Is it possible to run 16 bit code in an operating system that supports Intel IA-32e mode?

谁都会走 提交于 2019-12-05 03:29:44

The reason windows 64-bit doesn't support 16-bit apps is not because 64-bit mode cannot run 16-bit instructions.

The primary reason is that handles have 32 significant bits on 64-bit Windows. Therefore, handles cannot be truncated and passed to 16-bit applications without loss of data.

http://msdn.microsoft.com/en-us/library/aa384249%28VS.85%29.aspx

32 Bit application is supported by 64 bit architectire, so they can coexist, regarding 16 Bit application you need some tools to emulate addresing space shuch as dosbox on windows

Under a 64-bit kernel, 16-bit protected-mode user-space is available, but virtual-8086 mode isn't.

Most 16-bit software is written for DOS, and expects to run in real mode. vm86 (virtual-8086) mode is basically hardware virtualization for real mode, allowing the guest to use cli / sti without affecting the real IF bit in EFLAGS for example.

In 16-bit protected mode, cli would only work if the IO privilege level was 0 (like ring 0), and it would disable interrupts on that actual CPU core, not just inside the 16-bit emulated environment. Thus it's not useful for running 16-bit DOS programs under a modern OS.
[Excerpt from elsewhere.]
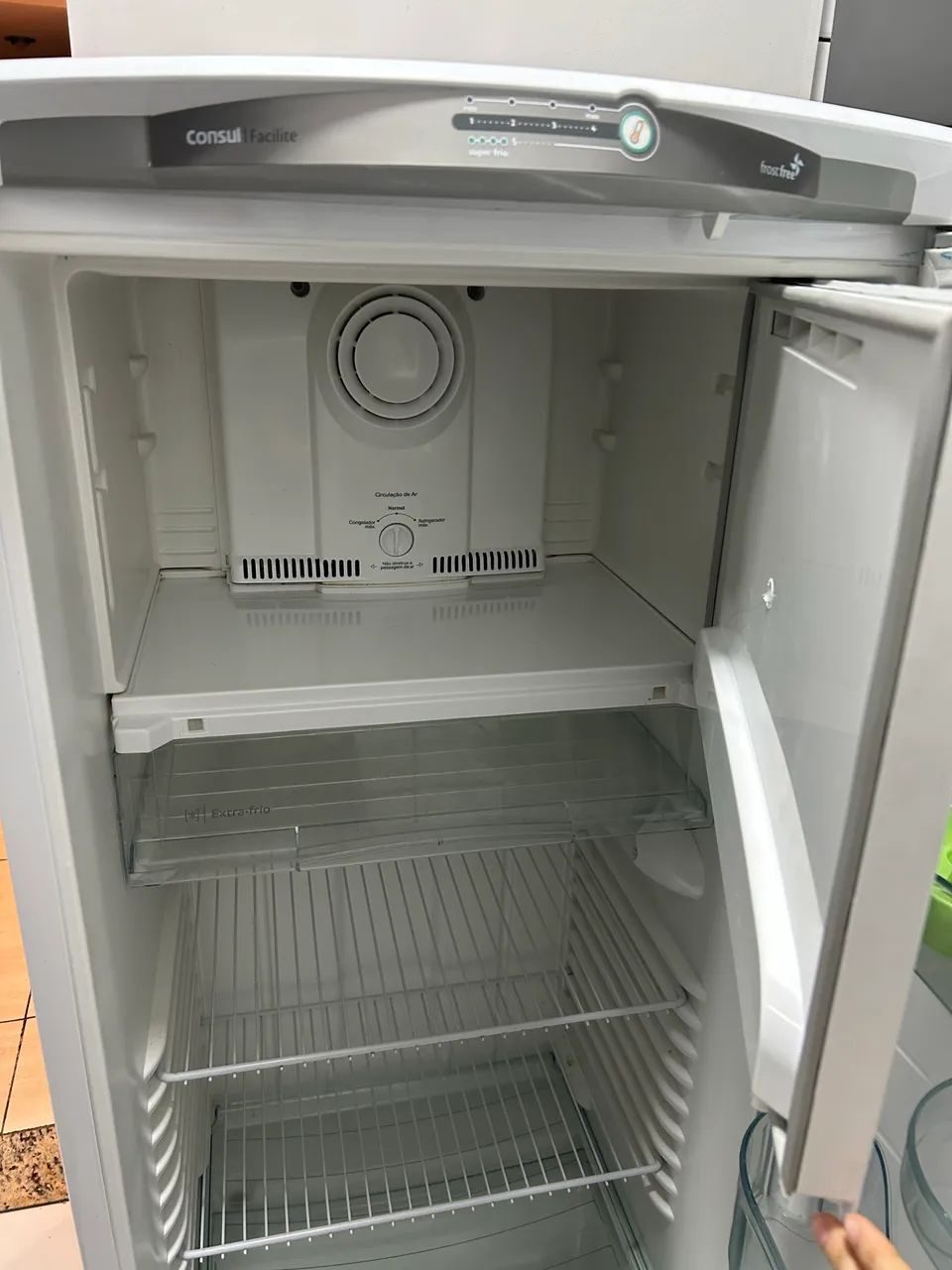 Vendo geladeira cônsul  - Foto 4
So yes, you can run 16-bit user-space code under a 64-bit kernel, but only in 16-bit protected mode which nobody ever uses (AFAIK). I don't think Linux natively supports 16-bit processes, although perhaps you could create a custom 16-bit code segment with the modify_ldt system call, and jmp far to it.


It might have been possible to build a software-virtualization system that used 16-bit protected mode to run 16-bit DOS guests, trapping to the kernel/hypervisor when the guest ran instructions like cli. @Lưu Vĩnh Phúc's answer is one reason that MS didn't try to do that.

Software-virtualization of x86 is non-trivial, though, because some instructions that you need to emulate (like pushf) don't actually trap. The guest could notice (or break because of) the Interrupts-enabled flag (IF) in the pushf result not matching a cli it just ran.


Even the slowest x86-64 CPUs are plenty fast enough to run software like DOSBOX that fully emulates an x86 PC with directly-accessible old hardware, so there wasn't much demand for being able to run 16-bit code natively, or much demand for running it in a way that looked "native", i.e. able to launch other programs under the main OS instead of just inside the emulated environment.

Apparently there was a Linux patch (last updated in 2008) to run vm86 under a 64-bit kernel, maybe by switching the kernel to protected mode temporarily? Or by just running software emulation.